** Recorded data follows **

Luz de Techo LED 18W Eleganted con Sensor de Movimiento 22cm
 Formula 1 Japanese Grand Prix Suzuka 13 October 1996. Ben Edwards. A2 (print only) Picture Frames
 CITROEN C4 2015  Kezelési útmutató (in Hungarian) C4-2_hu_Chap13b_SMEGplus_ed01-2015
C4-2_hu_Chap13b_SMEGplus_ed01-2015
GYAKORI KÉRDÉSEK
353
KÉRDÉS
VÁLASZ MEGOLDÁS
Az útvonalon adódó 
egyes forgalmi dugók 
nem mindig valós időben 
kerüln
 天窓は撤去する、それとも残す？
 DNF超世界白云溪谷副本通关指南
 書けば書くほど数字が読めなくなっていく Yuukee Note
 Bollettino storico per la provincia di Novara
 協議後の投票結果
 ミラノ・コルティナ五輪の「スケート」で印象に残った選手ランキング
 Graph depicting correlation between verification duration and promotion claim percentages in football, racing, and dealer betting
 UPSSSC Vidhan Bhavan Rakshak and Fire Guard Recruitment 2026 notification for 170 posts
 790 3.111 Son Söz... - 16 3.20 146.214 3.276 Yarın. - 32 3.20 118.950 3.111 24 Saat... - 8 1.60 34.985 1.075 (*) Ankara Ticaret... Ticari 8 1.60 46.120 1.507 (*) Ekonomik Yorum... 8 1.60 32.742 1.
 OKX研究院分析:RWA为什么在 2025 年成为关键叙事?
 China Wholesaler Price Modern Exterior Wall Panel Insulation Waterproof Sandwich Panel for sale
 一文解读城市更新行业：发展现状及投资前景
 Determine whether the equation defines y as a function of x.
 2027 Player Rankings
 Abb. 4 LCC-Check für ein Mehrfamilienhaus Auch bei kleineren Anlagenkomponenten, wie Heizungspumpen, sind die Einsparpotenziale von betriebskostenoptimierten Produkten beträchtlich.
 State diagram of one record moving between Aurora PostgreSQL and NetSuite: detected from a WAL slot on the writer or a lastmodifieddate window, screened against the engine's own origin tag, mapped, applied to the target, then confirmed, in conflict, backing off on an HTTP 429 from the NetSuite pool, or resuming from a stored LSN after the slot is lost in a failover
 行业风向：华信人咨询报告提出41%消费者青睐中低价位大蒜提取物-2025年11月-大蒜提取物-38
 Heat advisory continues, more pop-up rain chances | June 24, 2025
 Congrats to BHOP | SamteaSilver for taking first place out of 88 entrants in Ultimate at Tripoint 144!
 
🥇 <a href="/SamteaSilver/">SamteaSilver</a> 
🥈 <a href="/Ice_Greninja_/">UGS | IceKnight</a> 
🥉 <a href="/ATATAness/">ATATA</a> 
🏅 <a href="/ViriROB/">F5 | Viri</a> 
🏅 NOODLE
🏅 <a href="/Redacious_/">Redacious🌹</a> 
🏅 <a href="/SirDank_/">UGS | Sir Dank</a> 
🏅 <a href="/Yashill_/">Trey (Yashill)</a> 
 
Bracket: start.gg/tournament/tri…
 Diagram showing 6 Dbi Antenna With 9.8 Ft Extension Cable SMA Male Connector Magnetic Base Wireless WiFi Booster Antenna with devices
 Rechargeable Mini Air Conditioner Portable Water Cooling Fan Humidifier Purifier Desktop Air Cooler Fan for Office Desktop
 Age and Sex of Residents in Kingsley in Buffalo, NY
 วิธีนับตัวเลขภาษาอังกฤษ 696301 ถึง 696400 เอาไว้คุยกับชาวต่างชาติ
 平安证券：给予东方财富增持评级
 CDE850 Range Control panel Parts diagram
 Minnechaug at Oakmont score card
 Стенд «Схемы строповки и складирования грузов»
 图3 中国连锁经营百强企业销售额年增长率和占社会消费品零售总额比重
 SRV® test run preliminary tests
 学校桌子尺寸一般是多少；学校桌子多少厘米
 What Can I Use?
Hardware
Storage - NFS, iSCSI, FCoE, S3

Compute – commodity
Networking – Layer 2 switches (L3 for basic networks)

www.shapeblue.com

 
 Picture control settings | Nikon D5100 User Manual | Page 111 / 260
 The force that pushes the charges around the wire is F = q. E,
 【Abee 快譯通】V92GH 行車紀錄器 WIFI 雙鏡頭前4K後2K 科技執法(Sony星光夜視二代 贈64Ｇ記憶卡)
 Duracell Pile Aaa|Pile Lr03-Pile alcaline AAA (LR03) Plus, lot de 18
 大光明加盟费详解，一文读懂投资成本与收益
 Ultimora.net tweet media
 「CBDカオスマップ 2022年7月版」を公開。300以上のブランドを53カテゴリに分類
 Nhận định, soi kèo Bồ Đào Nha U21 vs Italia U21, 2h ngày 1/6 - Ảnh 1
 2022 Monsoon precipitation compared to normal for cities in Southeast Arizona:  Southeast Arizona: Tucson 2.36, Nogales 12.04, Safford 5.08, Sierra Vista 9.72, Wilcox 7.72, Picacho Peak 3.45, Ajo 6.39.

** End of Recorded data **

Exercise description
From the data above, output exactly the lines between the one containing "Congrats to BHOP" and the one containing "Bracket: start.gg/tournament/tri…", counting both of them.

Solution to this task
 Congrats to BHOP | SamteaSilver for taking first place out of 88 entrants in Ultimate at Tripoint 144!
 
🥇 <a href="/SamteaSilver/">SamteaSilver</a> 
🥈 <a href="/Ice_Greninja_/">UGS | IceKnight</a> 
🥉 <a href="/ATATAness/">ATATA</a> 
🏅 <a href="/ViriROB/">F5 | Viri</a> 
🏅 NOODLE
🏅 <a href="/Redacious_/">Redacious🌹</a> 
🏅 <a href="/SirDank_/">UGS | Sir Dank</a> 
🏅 <a href="/Yashill_/">Trey (Yashill)</a> 
 
Bracket: start.gg/tournament/tri…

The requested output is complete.